By: L. Ostergaard-Christensen Translated by F. H. Lyon Reviewed Edition: Beacon Press, Boston. 1962. No ISBN Shown Hardcover, 117 pages
Table of Contents
Danish medical doctor L. Ostergaard-Christensen and his wife spent three months at Albert Schweitzer's hospital in Lambarene during 1958. During this period it seems he came to know the hospital well, Albert Schweitzer a little bit, and the natives very little. The strength of this book--his memoir of the trip--is its descriptions of the hospital and the care given to patients. The weakest part is its descriptions of the Africans.
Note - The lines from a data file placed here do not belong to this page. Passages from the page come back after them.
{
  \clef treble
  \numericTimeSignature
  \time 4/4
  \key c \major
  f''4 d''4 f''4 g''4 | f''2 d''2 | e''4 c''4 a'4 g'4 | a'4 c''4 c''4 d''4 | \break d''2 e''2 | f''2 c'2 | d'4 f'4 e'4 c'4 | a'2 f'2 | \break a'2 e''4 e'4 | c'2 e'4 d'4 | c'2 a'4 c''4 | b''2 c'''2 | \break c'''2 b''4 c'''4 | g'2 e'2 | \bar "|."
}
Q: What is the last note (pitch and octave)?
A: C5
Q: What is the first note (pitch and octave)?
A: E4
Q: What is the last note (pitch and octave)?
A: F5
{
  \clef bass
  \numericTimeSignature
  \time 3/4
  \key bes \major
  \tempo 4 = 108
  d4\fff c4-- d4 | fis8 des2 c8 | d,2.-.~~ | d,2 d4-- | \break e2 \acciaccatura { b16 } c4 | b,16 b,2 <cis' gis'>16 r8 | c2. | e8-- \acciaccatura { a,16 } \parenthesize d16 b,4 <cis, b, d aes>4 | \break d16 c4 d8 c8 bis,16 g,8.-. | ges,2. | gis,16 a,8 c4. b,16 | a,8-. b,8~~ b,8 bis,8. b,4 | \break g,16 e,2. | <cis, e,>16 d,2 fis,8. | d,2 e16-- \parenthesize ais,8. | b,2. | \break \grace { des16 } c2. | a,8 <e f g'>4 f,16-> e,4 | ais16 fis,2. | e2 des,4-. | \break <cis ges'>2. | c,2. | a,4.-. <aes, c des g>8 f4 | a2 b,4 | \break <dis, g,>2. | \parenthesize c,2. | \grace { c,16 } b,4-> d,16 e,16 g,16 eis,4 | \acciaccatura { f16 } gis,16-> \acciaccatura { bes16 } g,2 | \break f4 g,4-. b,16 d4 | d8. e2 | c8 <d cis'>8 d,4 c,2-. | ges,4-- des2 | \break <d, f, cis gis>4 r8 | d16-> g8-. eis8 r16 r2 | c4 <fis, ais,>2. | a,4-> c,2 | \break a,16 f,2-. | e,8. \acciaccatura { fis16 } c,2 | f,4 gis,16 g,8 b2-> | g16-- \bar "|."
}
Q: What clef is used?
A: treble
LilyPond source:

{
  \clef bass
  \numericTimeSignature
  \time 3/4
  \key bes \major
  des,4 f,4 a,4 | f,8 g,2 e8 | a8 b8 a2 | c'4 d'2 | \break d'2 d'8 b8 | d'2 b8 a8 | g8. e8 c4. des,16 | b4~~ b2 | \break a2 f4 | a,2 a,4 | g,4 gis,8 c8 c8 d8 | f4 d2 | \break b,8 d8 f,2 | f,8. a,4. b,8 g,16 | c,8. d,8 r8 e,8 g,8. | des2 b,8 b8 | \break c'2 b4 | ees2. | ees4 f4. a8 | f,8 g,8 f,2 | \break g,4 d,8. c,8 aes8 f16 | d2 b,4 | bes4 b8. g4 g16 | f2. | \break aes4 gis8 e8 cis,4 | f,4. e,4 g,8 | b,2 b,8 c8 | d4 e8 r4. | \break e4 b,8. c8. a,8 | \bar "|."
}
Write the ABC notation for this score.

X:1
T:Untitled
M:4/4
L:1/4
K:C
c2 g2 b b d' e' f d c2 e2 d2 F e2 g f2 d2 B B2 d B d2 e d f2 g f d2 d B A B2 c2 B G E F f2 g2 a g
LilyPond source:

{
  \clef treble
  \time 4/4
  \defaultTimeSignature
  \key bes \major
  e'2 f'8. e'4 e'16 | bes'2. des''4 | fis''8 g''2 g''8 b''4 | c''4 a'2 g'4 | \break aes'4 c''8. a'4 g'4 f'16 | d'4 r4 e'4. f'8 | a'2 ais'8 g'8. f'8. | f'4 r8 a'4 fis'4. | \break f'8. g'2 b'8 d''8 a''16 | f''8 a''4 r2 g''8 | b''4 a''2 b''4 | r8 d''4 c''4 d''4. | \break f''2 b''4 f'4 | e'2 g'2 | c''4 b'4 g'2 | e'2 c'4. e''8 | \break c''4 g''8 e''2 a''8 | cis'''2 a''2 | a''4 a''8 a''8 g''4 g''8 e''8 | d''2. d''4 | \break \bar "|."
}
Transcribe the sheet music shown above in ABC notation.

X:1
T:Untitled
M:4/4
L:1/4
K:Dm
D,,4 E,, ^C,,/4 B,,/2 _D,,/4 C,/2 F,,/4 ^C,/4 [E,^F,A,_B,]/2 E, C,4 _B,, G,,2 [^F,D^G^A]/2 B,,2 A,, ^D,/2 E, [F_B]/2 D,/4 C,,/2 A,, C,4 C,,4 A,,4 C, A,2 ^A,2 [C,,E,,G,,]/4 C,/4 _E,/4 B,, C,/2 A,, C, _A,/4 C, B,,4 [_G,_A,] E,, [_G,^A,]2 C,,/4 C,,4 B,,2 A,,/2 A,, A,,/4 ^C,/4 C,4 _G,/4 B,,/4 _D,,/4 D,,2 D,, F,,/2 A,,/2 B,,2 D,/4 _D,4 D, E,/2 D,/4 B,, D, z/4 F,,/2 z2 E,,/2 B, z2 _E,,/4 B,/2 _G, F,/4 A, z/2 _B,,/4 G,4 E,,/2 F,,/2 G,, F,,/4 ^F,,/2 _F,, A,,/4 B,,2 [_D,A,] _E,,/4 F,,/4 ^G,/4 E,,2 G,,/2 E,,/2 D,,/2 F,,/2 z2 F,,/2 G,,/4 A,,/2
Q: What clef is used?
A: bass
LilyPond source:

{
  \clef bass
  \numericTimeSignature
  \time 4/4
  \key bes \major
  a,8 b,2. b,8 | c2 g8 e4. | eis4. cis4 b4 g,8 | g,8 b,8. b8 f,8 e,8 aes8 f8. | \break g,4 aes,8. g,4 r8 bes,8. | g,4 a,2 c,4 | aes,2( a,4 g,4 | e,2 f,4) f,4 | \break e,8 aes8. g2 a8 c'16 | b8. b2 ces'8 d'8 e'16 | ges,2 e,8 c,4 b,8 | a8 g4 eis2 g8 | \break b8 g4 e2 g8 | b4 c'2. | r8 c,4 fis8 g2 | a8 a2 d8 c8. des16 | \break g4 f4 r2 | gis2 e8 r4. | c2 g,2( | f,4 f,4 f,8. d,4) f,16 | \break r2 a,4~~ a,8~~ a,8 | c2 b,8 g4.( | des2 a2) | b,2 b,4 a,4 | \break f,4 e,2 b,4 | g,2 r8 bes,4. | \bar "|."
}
Ostergaard-Christensen views the natives in a manner probably common among Western liberal intellectuals during the late 1950s: shaped by their (inferior) culture; as equal human beings that nevertheless are dumber and lazier than Westerns.
While there are some interesting descriptions and a few personal anecdotes, much of At Work with Albert Schweitzer consists of Ostergaard-Christensen's overviews of Schweitzer's ideas as communicated in Schweitzer's published books. Those interested in a view of the daily life of the hospital during Schweitzer's later years would be better served by reading Working With Dr. Schweitzer or My Days With Albert Schweitzer.
"Sunday can be a long and trying day for us. The heat seems twice as oppressive when there is nothing to do. Even if work in an operating theatre, which has the same stagnant, hot and humid atmosphere as a greenhouse, can be a strain both physically and mentally, the excitement of the work makes one forget the discomfort. It is harder to sit in one room all day long and wait for the sun to set."
"Every newly-born [goat] kid is greeted with the same pleasure as all new life. One morning when we came out of the dining-room a newly-born kid was standing there, still wet from its mother's womb and taking its first stiff steps. Albert Schweitzer stood watching it for a few moments, fascinated and silent. Then he said, almost to himself: 'That is a miracle which no philosopher has yet been able to explain.' I had it on the tip of my tongue to say that it was a biological, not a philosophical problem, but I had the feeling that such a prosaic observation was out of place at the moment. And after all it must be recognized that even in biological research a limit is at last reached at which science must stop and philosophic considerations begin."
"The foundation of Albert Schweitzer's extraordinary position is a versatile genius coupled with unique endurance and capacity for work. It is that combination which many a time creates the great figures of history."